EXERCISE BRIEF |
What you return must match the listing exactly, with every image removed.

GIVEN INFORMATION |
= Beginning of Section =
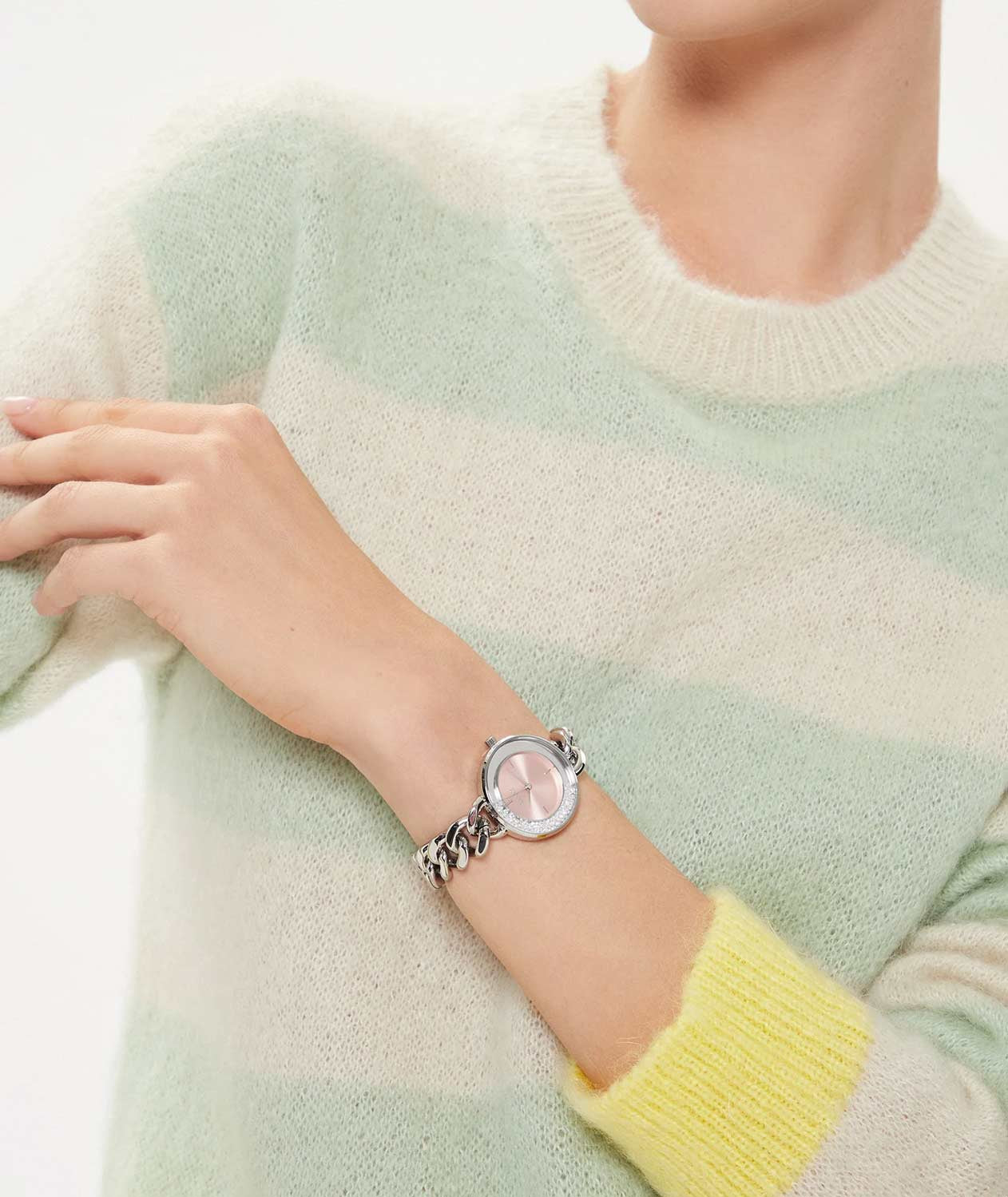 Liu Jo orologio Donna Solo Tempo argento cassa 32 mm 3atm TLJ2240 rosa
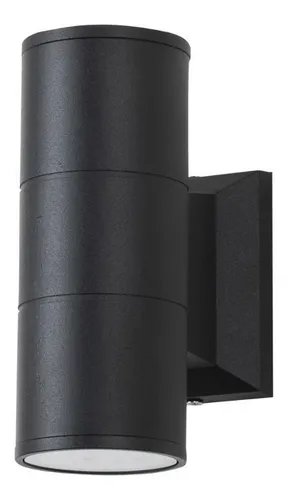 Apliqué Bidireccional Led Incorporado Negro 2*5w / Hb Led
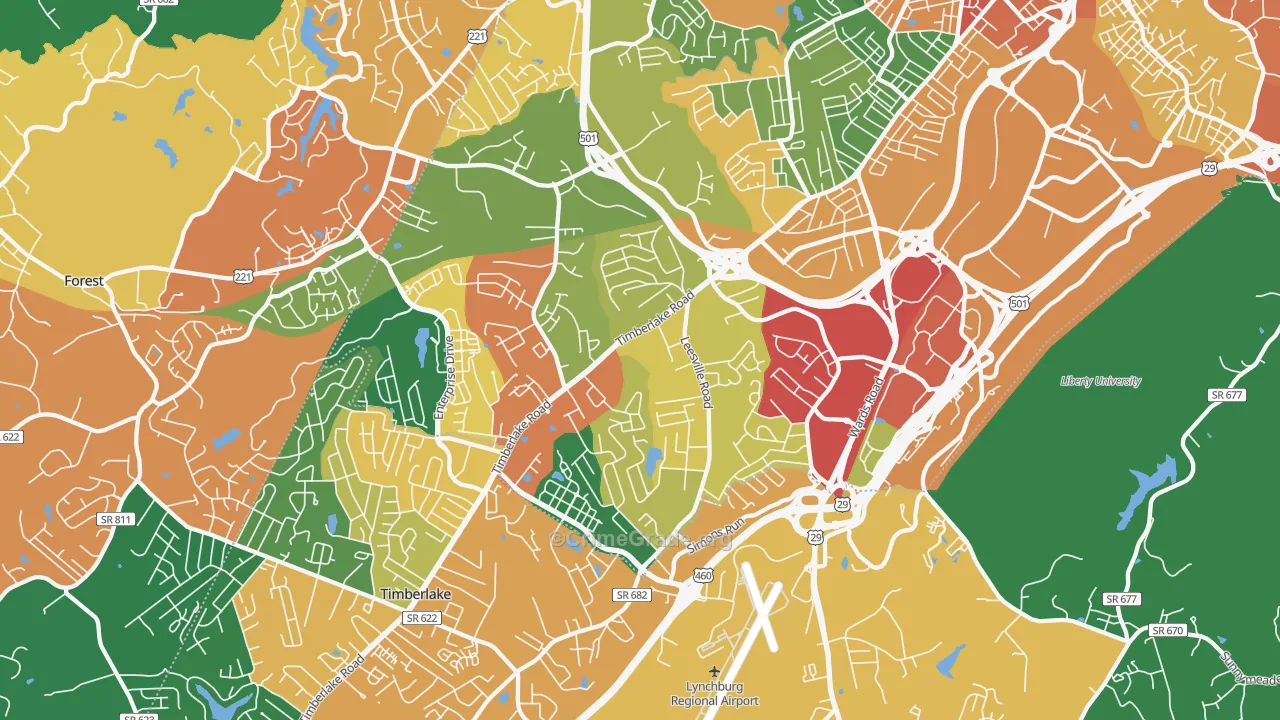 24502, VA Map of Theft Rates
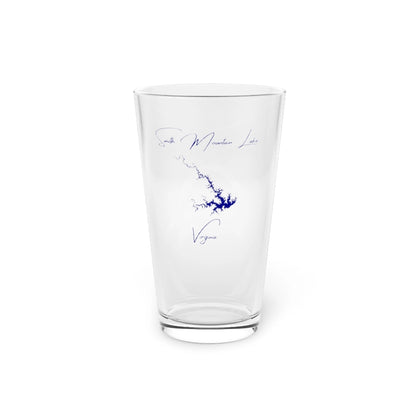 Virginia  Smith  Mountain  Lake  16oz  Pint  Glass  front  position  view  from  front  16oz.webp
= End of Section =
EXERCISE RESULT |
 Liu Jo orologio Donna Solo Tempo argento cassa 32 mm 3atm TLJ2240 rosa
 Apliqué Bidireccional Led Incorporado Negro 2*5w / Hb Led
 24502, VA Map of Theft Rates
 Virginia  Smith  Mountain  Lake  16oz  Pint  Glass  front  position  view  from  front  16oz.webp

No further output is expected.